Forget shades of gray, 40k is made up of several different tones of black.

There's not enough lightness for there to be gray ;-)


----------



## Platypus5 (Apr 7, 2010)

Well look at the following:

-There are several plots to revive the emperor, none having been declared outright impossible. Of course the inquisition's gonna declare the efforts heretical: Minus the Thorians, it is in their interest for Empy not to b e revived.
-The Emperor, being logical, would see the need for said coalition.
-Eldar are also logical in a similar way: They also hold some admiration for the Tau (Eldrad Uthran quote)
-GW does seem to have grouped factions into "Order" and "Disorder." 
-Each of the "disorder" factions has something really powerful coming up, and the only way the "order" factions can even _hope_ to survive is by banding together.
-Many high level Imperial groups, especially the Illuminati, work closely with the Eldar, and the Imperium does occasionally work with aliens.
-The Tau are open to trading with other races, even if they don't join the Greater Good
-When all is said & done, GW has said that the Tau were designed to fundamentally be "altruistic and idealistic"
-Of course GW isn't going to put an end to its cash cow, but we can speculate.

And that is my argument for why my endgame idea isn't impossible.


----------



## gen.ahab (Dec 22, 2009)

Yeah...... those arguments for the emperors resurrection have been declared heretical for the most part. 

Occasionally working wither xeno species doesn't even come close to full scale military alliance. 
I am sure someone else will explain why the rest of those won't happen but I have to go pick up relatives from the airport. lol


----------



## Geist (Mar 9, 2010)

Galahad said:


> Forget shades of gray, 40k is made up of several different tones of black.
> 
> There's not enough lightness for there to be gray ;-)


Oh, I don't know. the Orks I think provide enough comedic relief to provide a little light for the grey spectrum. Imperial Guard too. Gotta love that "Uplifting Primer'. :biggrin:


----------



## Child-of-the-Emperor (Feb 22, 2009)

Platypus5 said:


> -There are several plots to revive the emperor, none having been declared outright impossible. Of course the inquisition's gonna declare the efforts heretical: Minus the Thorians, it is in their interest for Empy not to b e revived.


I bet some people believe that the Emperor is a Xenos, or that some Imperials worship him as the 'Sun-god'. Or that he doesn't exist altogether, doesn't make it true! Ultimately these theories have no credable proof, and its only natural and inevitable that many such theories have arisen surrounding a monotheistic religious cult.
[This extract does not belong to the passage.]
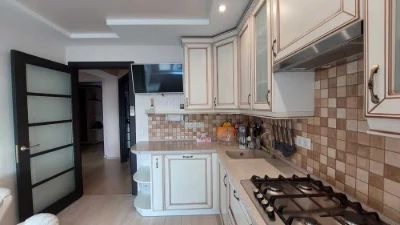 *ПРОДАЖА, 3х комнатной квартиры Александровский р-н, ул. За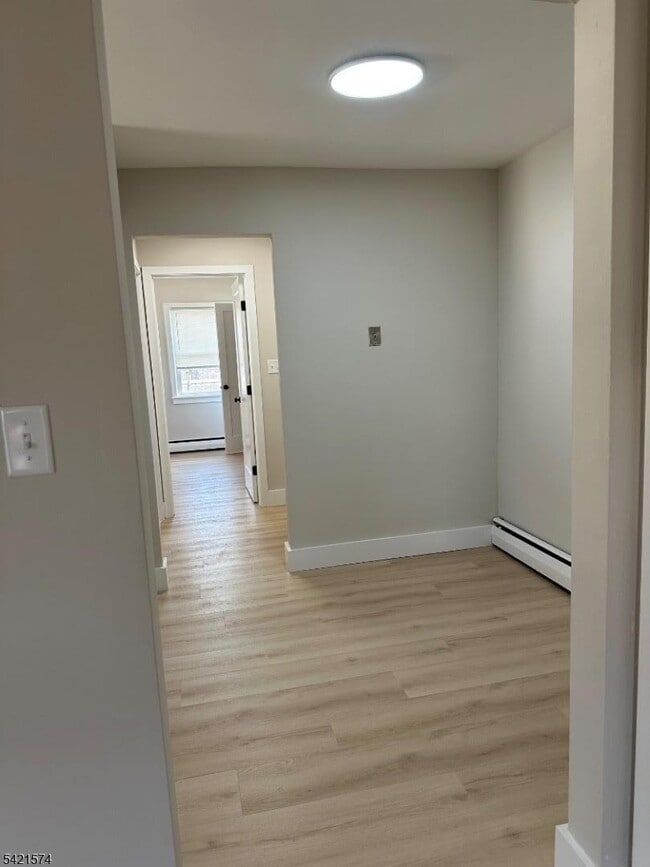 Foto del edificio - 78 Burnet Ave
But what is interesting is that many of these theories have been declared heretical and merely the work of Tzeentchian cultists.



Platypus5 said:


> -The Emperor, being logical, would see the need for said coalition.


Well thats a fairly big assumption, and can only be taken into account really if the Emperor was revived physically - which I maintain is impossible. The Xenos are Mankind's enemies, they help sustain Chaos and they prey on Mankind - its the same situation the Emperor/Early Imperium was in just before the Great Crusade, and what did the Emperor do then? Declared that all Xenos were filth and needed to be eradicated, the same would happen now.



Platypus5 said:


> -GW does seem to have grouped factions into "Order" and "Disorder."


That means nothing. By no means are they alliances.



Platypus5 said:


> -Each of the "disorder" factions has something really powerful coming up, and the only way the "order" factions can even _hope_ to survive is by banding together.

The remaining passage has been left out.